Gotcha: The most dangerous backup assumption: "we have backups" without ever testing a restore. At least 30% of backup restores fail due to corruption, missing dependencies, or changed schemas. Test restores quarterly at minimum. For databases, test that the restored data is actually queryable, not just that the file was copied.
Backup Types¶
| Type | What It Captures | Speed | Storage |
|---|---|---|---|
| Full | Everything | Slow | Large |
| Incremental | Changes since last backup (any type) | Fast | Small |
| Differential | Changes since last full backup | Medium | Medium |
| Snapshot | Point-in-time filesystem/volume state | Very fast | Varies |
Backup Tools¶
Borg Backup¶
Name origin: BorgBackup is named after the Borg from Star Trek — the cybernetic collective that assimilates everything. Fitting for a deduplicating backup tool that absorbs data efficiently. It was forked from Attic in 2015. The key innovation is content-defined chunking with a rolling hash (Buzhash), which means small changes to a large file only result in a few new chunks being stored, not a full copy.
Deduplicating, compressed, encrypted backup tool. Excellent for server-side backups:
# Initialize a repository
borg init --encryption=repokey /backup/repo
# Create a backup
borg create /backup/repo::daily-{now} /etc /var/lib/postgresql /home \
--exclude '*.tmp' --exclude '/home/*/.cache'
# List archives
borg list /backup/repo
# Restore a specific archive
borg extract /backup/repo::daily-2024-01-15 --target /restore/
# Prune old backups (keep 7 daily, 4 weekly, 6 monthly)

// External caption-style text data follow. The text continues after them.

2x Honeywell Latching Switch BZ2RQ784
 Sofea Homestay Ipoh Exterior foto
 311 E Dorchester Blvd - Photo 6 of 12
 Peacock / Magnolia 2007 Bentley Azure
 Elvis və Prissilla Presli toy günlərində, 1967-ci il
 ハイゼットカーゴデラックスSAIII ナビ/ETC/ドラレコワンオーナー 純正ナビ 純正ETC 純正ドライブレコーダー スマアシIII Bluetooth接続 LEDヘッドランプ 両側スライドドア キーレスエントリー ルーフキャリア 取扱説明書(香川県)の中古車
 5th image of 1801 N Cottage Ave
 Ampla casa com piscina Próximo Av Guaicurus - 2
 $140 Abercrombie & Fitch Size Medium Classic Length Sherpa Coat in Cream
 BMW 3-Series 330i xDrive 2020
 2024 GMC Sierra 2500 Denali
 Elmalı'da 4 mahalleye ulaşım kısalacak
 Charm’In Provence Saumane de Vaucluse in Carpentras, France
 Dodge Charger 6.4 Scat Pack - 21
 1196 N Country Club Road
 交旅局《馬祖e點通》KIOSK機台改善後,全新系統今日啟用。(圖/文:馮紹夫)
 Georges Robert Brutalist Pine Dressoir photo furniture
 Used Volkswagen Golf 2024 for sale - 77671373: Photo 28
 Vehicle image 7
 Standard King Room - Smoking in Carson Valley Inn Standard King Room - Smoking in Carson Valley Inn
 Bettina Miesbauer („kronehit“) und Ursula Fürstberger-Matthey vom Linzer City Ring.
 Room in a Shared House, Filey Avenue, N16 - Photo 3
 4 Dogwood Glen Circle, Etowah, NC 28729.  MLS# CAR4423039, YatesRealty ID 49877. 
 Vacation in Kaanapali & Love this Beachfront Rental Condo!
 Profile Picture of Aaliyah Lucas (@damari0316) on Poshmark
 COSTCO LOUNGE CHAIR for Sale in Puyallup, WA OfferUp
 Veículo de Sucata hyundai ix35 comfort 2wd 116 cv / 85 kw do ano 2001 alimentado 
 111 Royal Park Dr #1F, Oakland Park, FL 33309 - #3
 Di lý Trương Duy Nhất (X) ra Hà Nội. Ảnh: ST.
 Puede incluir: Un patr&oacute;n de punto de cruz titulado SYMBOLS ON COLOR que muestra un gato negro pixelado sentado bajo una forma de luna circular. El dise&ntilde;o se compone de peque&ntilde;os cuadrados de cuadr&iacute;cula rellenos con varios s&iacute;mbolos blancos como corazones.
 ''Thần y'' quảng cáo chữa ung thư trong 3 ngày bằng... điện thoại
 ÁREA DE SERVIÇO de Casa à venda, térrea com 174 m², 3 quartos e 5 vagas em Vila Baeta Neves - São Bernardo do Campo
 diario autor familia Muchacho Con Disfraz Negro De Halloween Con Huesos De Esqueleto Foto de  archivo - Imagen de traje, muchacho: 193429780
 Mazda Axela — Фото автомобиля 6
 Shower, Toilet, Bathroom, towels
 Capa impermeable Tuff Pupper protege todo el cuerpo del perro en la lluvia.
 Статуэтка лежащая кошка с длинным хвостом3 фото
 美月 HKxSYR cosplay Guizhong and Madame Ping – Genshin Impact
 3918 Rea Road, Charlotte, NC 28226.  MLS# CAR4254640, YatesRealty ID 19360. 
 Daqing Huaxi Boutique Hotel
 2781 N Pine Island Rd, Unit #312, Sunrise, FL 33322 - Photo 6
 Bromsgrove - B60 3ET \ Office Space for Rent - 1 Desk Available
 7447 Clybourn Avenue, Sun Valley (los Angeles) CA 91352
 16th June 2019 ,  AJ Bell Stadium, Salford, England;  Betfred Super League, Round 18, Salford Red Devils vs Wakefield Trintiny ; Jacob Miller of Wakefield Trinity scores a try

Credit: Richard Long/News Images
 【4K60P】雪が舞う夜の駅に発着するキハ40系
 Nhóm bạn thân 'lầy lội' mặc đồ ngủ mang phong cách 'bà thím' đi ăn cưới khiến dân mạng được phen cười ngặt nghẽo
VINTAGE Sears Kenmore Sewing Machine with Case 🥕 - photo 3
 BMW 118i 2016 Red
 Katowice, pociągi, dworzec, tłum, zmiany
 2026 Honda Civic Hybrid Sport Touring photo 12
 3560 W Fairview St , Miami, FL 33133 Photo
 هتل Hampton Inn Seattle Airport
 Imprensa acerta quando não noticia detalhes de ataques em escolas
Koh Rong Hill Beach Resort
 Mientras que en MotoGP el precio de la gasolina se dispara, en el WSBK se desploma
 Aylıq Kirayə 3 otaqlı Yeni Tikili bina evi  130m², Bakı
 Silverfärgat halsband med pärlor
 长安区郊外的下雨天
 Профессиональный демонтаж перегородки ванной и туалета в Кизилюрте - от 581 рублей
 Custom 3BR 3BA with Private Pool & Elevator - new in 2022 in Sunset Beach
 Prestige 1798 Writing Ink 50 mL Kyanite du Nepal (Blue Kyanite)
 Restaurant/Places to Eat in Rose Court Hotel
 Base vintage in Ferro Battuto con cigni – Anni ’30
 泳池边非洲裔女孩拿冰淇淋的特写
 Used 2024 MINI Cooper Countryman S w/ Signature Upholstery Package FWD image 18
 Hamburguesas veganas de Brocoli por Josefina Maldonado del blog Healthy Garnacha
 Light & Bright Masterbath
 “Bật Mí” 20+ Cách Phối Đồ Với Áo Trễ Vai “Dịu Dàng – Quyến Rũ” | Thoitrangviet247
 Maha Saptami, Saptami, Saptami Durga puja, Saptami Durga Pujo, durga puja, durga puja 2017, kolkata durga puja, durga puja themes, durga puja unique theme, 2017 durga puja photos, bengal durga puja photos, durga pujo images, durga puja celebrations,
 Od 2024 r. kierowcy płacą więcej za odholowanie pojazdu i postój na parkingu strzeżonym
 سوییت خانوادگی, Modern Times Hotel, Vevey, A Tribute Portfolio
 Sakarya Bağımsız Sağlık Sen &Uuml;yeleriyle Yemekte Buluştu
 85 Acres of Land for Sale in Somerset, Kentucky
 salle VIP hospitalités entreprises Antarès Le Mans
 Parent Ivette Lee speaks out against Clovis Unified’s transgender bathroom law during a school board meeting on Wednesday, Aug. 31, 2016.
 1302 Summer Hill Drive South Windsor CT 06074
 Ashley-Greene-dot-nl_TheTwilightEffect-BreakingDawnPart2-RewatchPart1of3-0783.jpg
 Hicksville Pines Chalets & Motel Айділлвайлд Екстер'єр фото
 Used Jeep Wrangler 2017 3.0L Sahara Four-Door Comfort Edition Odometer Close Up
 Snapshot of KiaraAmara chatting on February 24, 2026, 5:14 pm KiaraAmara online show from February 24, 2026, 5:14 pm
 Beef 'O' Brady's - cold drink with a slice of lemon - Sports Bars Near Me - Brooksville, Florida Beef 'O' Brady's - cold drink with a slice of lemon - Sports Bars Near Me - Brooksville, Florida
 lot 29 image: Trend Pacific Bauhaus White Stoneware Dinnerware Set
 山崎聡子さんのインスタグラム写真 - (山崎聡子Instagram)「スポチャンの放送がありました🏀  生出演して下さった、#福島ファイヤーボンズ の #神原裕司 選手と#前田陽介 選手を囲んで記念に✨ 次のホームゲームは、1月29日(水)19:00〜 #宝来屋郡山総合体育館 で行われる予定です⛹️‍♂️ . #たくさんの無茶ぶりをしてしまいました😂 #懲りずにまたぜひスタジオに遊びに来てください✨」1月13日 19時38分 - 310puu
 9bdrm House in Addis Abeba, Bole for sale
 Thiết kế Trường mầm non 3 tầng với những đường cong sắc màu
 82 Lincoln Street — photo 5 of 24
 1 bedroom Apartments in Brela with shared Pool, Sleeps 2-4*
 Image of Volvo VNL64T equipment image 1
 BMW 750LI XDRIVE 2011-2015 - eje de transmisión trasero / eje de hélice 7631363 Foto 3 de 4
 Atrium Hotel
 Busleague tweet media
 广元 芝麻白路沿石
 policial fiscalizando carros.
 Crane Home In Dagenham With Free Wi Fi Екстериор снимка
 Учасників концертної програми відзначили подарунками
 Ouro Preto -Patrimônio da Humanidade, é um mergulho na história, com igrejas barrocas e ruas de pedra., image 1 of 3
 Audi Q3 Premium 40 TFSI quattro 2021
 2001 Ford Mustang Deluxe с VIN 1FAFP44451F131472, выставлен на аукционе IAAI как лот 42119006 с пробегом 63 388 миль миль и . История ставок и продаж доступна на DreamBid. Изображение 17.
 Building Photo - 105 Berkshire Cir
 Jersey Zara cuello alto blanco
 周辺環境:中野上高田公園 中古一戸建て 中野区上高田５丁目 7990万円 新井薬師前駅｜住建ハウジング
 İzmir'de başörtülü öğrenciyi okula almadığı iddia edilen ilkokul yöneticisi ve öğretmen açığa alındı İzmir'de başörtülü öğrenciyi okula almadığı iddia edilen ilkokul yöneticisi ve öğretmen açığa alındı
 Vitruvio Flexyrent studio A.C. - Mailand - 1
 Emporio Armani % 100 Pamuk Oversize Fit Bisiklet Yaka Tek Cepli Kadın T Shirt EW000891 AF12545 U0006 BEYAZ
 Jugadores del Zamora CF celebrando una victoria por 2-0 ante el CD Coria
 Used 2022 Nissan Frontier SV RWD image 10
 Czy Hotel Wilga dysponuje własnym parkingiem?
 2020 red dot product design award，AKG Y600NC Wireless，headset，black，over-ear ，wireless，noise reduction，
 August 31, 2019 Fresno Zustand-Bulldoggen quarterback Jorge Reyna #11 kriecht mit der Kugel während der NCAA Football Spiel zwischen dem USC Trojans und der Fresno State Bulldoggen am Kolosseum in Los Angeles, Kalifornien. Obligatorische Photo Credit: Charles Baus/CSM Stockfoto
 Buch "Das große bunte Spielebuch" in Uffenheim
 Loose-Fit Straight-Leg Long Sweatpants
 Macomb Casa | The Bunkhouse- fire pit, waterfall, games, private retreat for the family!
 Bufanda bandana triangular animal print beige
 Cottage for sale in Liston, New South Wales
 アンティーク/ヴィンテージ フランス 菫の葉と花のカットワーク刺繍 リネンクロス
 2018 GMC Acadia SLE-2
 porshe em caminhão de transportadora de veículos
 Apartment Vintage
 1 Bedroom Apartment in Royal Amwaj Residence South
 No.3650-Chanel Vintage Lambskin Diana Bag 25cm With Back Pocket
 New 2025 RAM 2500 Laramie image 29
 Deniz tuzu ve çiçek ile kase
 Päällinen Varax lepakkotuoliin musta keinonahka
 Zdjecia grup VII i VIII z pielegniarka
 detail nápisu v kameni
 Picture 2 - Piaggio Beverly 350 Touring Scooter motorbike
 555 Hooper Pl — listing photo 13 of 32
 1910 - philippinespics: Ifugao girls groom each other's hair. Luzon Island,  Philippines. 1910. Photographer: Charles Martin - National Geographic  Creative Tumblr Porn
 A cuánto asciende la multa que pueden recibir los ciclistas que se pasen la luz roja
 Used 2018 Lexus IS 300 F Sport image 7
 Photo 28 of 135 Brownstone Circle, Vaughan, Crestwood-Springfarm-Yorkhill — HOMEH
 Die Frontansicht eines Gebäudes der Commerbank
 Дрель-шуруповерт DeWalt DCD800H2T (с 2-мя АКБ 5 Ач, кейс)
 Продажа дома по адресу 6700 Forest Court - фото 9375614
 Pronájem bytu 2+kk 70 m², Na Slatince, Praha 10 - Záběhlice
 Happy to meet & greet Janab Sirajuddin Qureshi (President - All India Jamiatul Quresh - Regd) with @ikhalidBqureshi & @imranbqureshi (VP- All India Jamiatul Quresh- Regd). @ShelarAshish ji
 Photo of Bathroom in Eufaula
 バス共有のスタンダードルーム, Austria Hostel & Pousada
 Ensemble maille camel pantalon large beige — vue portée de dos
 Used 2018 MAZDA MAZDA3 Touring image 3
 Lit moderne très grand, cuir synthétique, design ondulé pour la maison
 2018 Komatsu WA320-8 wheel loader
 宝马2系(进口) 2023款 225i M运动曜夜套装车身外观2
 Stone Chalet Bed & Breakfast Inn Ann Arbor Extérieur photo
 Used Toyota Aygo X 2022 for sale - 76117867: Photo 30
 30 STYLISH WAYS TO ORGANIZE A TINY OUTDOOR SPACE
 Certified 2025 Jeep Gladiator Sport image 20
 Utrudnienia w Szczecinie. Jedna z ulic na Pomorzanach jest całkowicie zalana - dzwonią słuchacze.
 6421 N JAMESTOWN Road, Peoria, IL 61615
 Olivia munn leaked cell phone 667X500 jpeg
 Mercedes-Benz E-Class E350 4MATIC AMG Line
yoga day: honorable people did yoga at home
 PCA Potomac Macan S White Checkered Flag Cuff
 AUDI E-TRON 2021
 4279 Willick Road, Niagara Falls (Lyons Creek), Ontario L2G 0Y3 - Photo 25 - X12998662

borg prune /backup/repo --keep-daily=7 --keep-weekly=4 --keep-monthly=6
Key features: block-level deduplication, compression (lz4/zstd), authenticated encryption.
Restic¶
Similar to Borg but with native cloud backend support (S3, GCS, Azure Blob, SFTP):
# Initialize a repo on S3
restic init --repo s3:s3.amazonaws.com/my-backup-bucket
# Backup
restic backup /etc /var/lib/postgresql \
--repo s3:s3.amazonaws.com/my-backup-bucket \
--exclude-caches
# List snapshots
restic snapshots --repo s3:s3.amazonaws.com/my-backup-bucket
# Restore
restic restore latest --target /restore/ \
--repo s3:s3.amazonaws.com/my-backup-bucket
# Forget and prune
restic forget --keep-daily 7 --keep-weekly 4 --prune \
--repo s3:s3.amazonaws.com/my-backup-bucket
Velero (Kubernetes)¶
Name origin: Velero is Italian for "sailboat" — a nod to Heptio's nautical branding (Heptio was the company founded by Kubernetes co-creators Joe Beda and Craig McLuckie). VMware acquired Heptio in 2018. Velero was originally called "Ark" but was renamed to avoid trademark conflicts. It backs up both Kubernetes resource definitions (YAML) and persistent volume data, storing everything in object storage (S3, GCS, Azure Blob).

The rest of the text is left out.